⟨

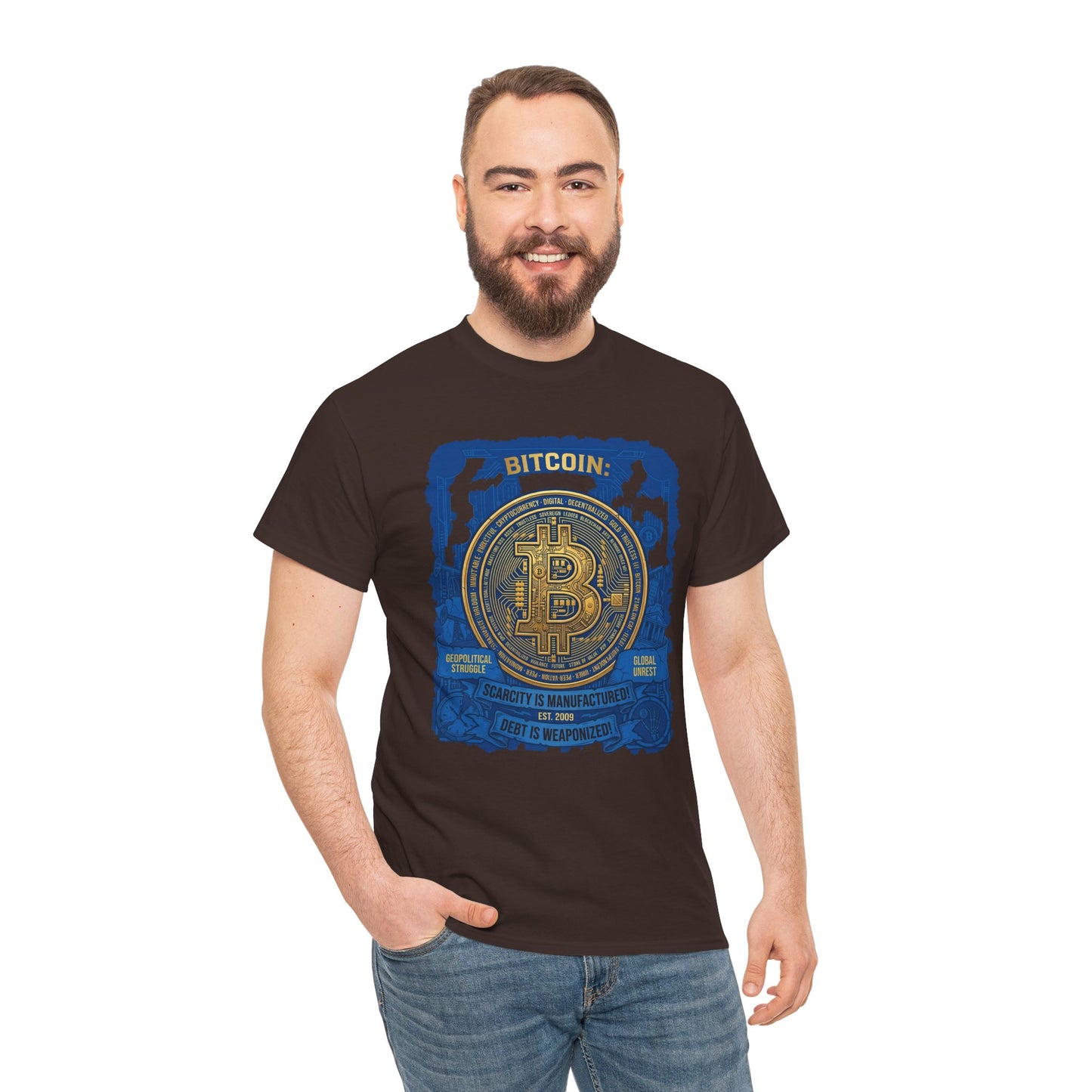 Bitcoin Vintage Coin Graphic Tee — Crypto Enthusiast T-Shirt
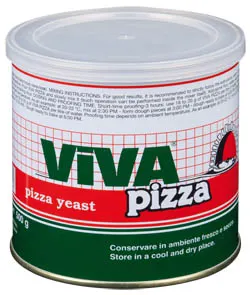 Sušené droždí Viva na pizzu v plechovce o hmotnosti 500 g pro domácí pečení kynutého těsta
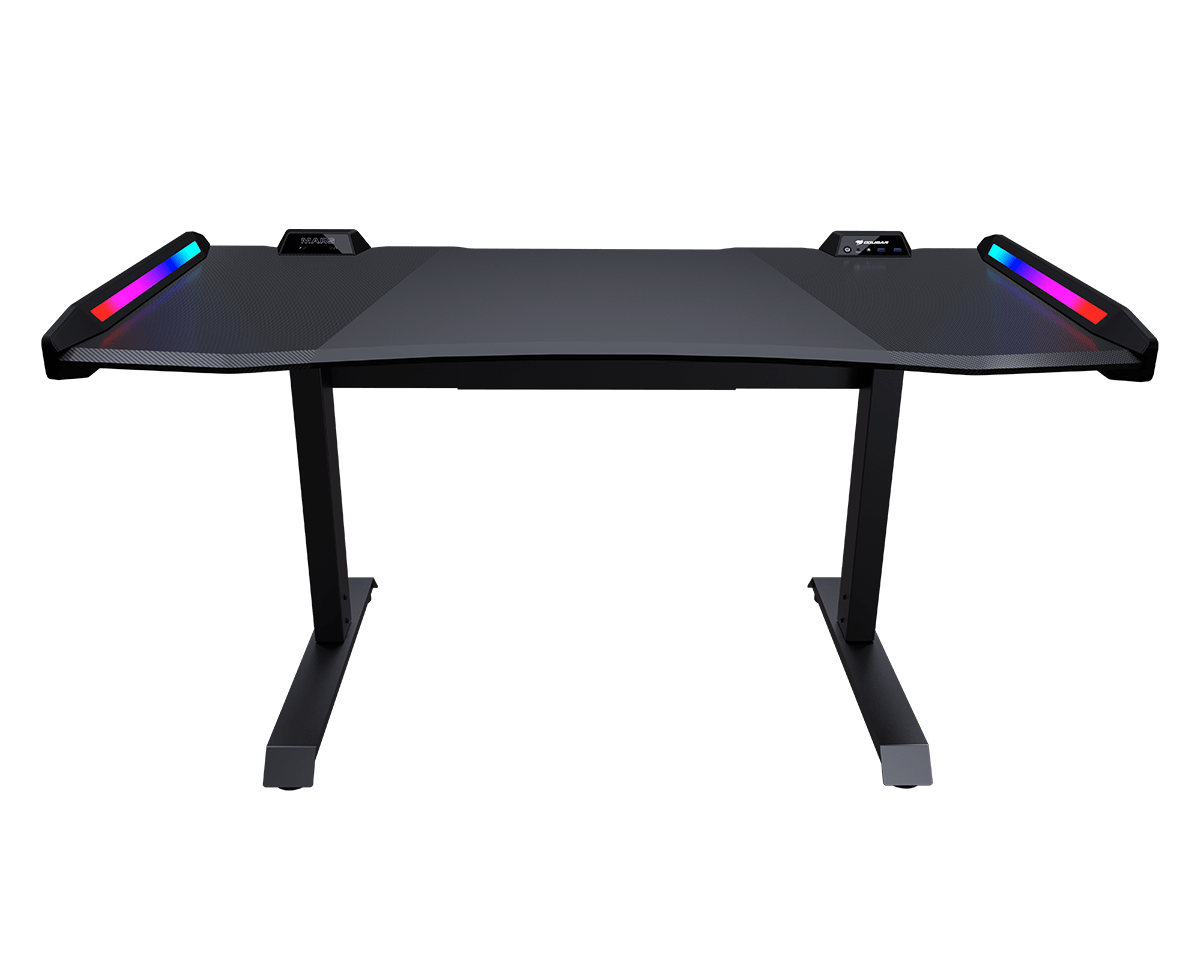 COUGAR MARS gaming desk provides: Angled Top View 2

⟩
⟨

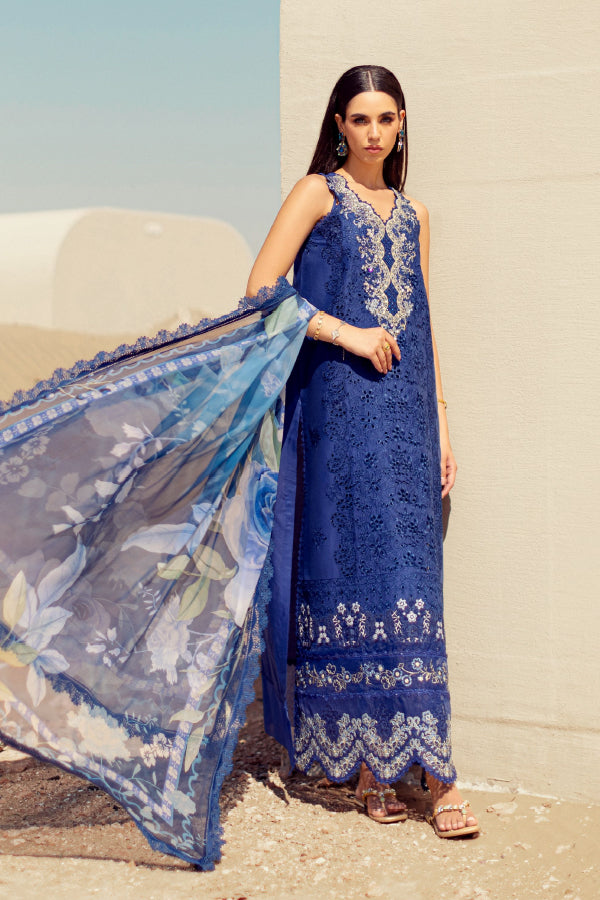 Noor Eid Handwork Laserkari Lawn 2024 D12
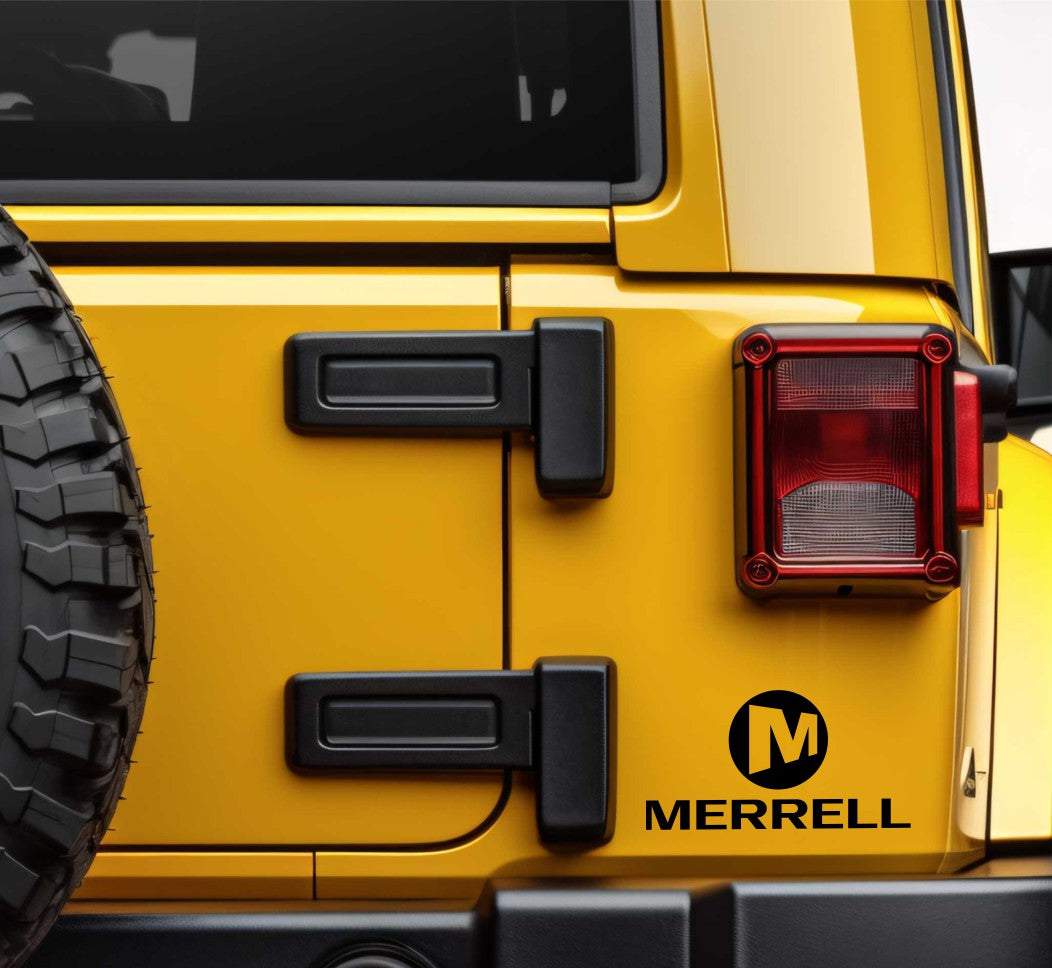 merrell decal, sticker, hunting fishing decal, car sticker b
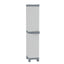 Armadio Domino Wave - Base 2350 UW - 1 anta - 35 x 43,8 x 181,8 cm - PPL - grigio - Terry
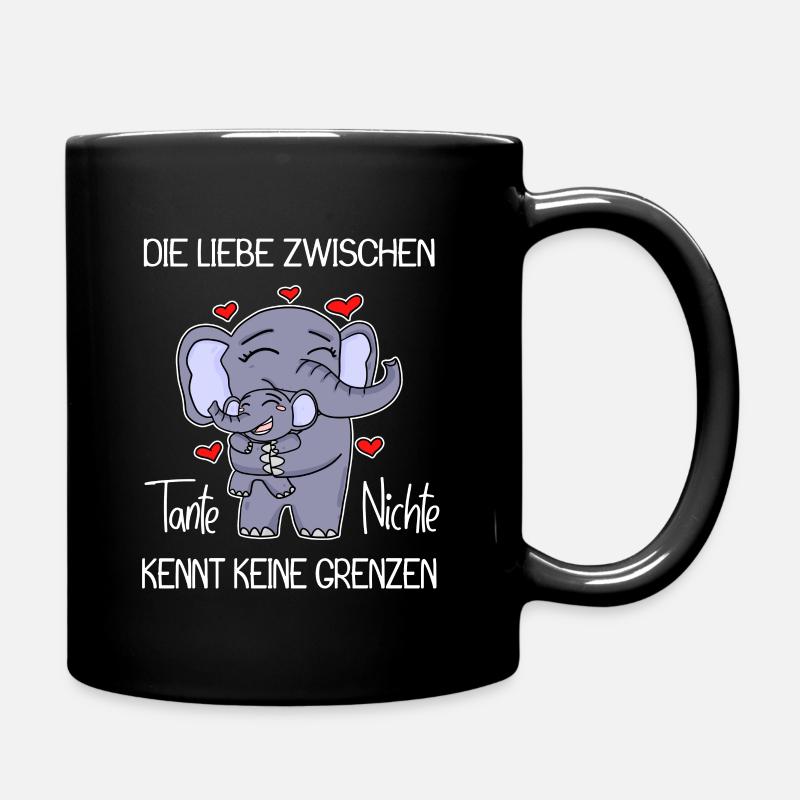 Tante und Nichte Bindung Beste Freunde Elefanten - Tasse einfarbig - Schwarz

⟩
⟨

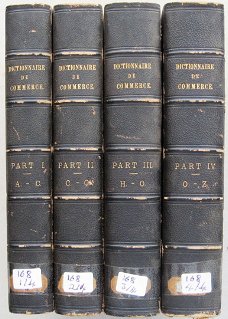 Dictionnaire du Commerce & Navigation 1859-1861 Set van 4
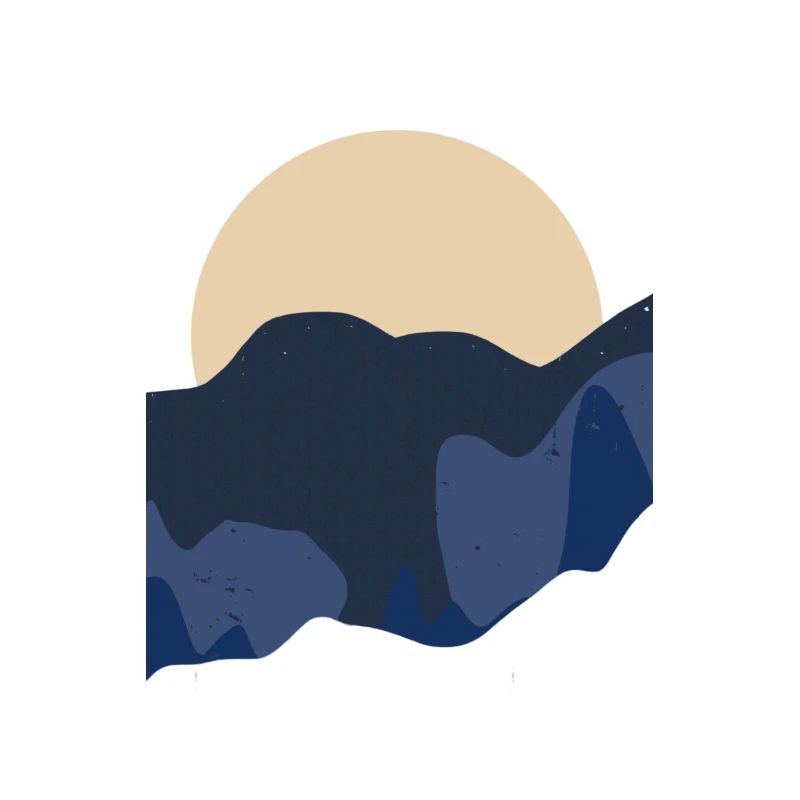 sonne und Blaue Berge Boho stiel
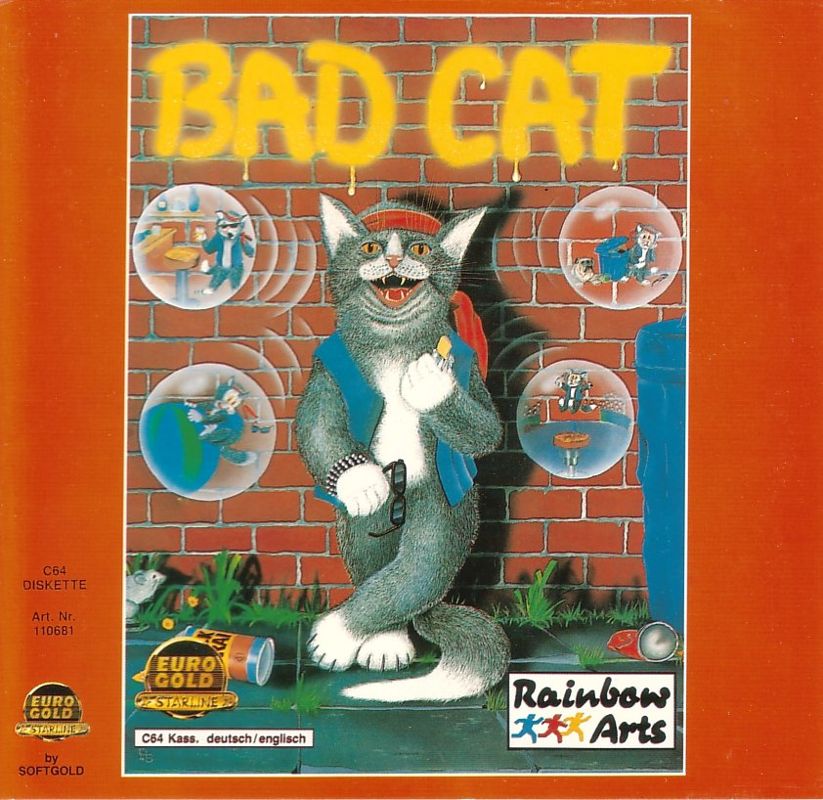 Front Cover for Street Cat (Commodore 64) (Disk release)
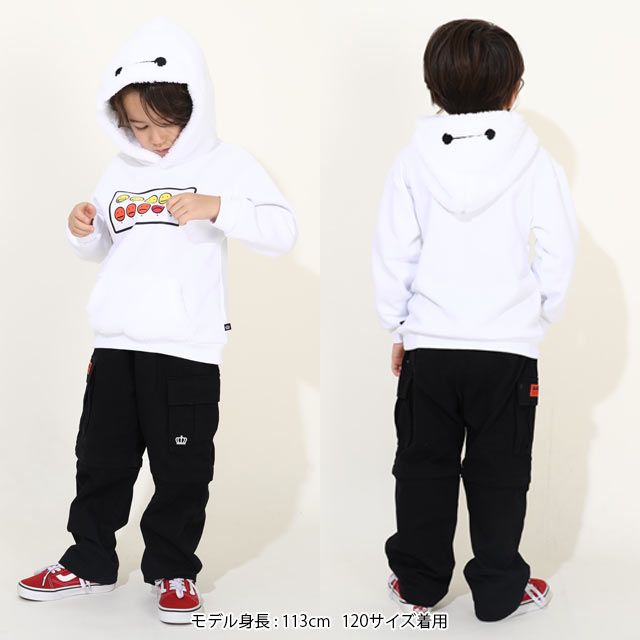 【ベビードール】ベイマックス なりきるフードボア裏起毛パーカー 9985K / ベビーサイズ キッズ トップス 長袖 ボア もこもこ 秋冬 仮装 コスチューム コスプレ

⟩

• What is needed: Each line above from the one containing "Bitcoin Vintage Coin" through the one containing "COUGAR MARS gaming" is to be returned verbatim. Nothing else, and no pictures.

• Expected answer:
 Bitcoin Vintage Coin Graphic Tee — Crypto Enthusiast T-Shirt
 Sušené droždí Viva na pizzu v plechovce o hmotnosti 500 g pro domácí pečení kynutého těsta
 COUGAR MARS gaming desk provides: Angled Top View 2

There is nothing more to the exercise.